Fine-needle aspiration cytology (FNAC) is a widely practiced technique in the diagnosis of breast carcinoma, and it is the only diagnostic procedure performed before definitive treatment, at most institutions. While the histological grading of breast carcinoma has become routine in many centers worldwide, the cytopathological grading of breast carcinoma is not commonly used. Grading of breast carcinoma, while the tumor is still in vivo, would be the most ideal and desirable situation, as it would be helpful in the selection of patients for appropriate therapy. The objective of this study, therefore, was to devise a simple system for grading breast carcinoma, based on the cytological features alone. We reviewed 125 cases of breast carcinoma retrospectively, which were initially diagnosed by FNAC, with subsequent histopathological confirmation. These included 105 ductal, 6 lobular, 2 tubular, 1 papillary, and 1 medullary carcinoma. There was 1 ductal carcinoma in situ. Nine cases were rendered insufficient for grading. Thus 105 cases of ductal carcinoma (NOS) were evaluated for final cytological grading. Air-dried Diff-Quik-stained smears were reviewed at least twice independently by four histopathologists and were then compared with the original histological grades.
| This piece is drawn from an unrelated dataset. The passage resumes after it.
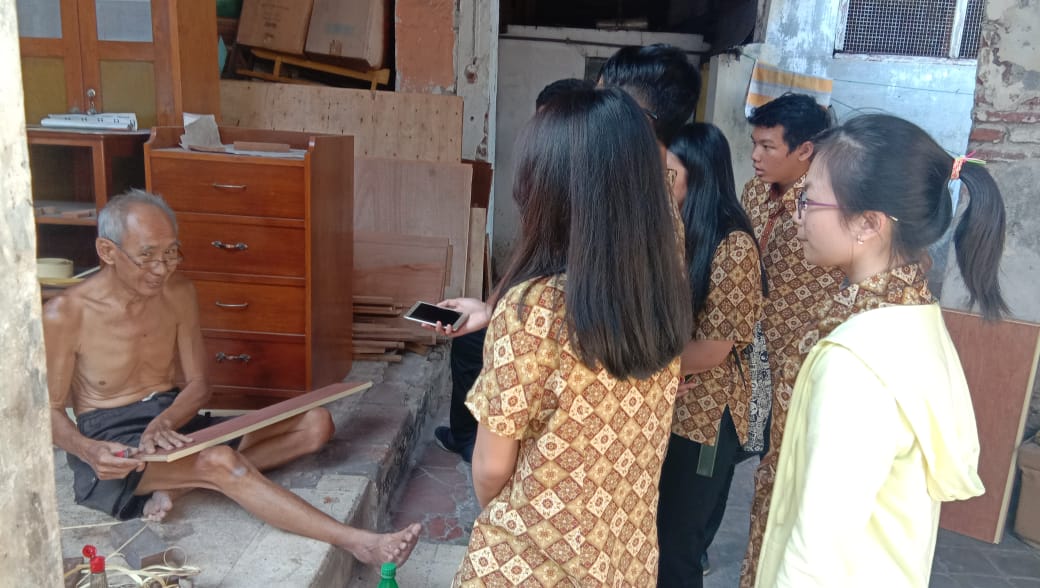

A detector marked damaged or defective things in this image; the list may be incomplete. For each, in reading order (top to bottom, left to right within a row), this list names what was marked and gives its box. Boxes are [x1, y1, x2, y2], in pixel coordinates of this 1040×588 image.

Six cytological features used for grading were found to be statistically significant: cellular pleomorphism, nuclear size, nuclear margin, nucleoli, naked tumor nuclei, and mitoses. A scoring system based on these six essential parameters was used, to classify ductal carcinoma into three cytological grades, which showed close correlation with the established histological grades. In addition, two less consistent, but still important, features were the presence or absence of necrosis and stromal invasion. Another six parameters, including smear cellularity, degree of cell dispersion or clustering, lymphoplasmacytic infiltrate, presence of tubular structures, cytoplasmic appearance of the tumor cells, and smear background, were not statistically significant. However, these additional parameters were found helpful in assigning the correct grade, in cases with borderline scores. The concordance rate with histology was 100% for grade 1, 98% for grade 2, and 93% for grade 3.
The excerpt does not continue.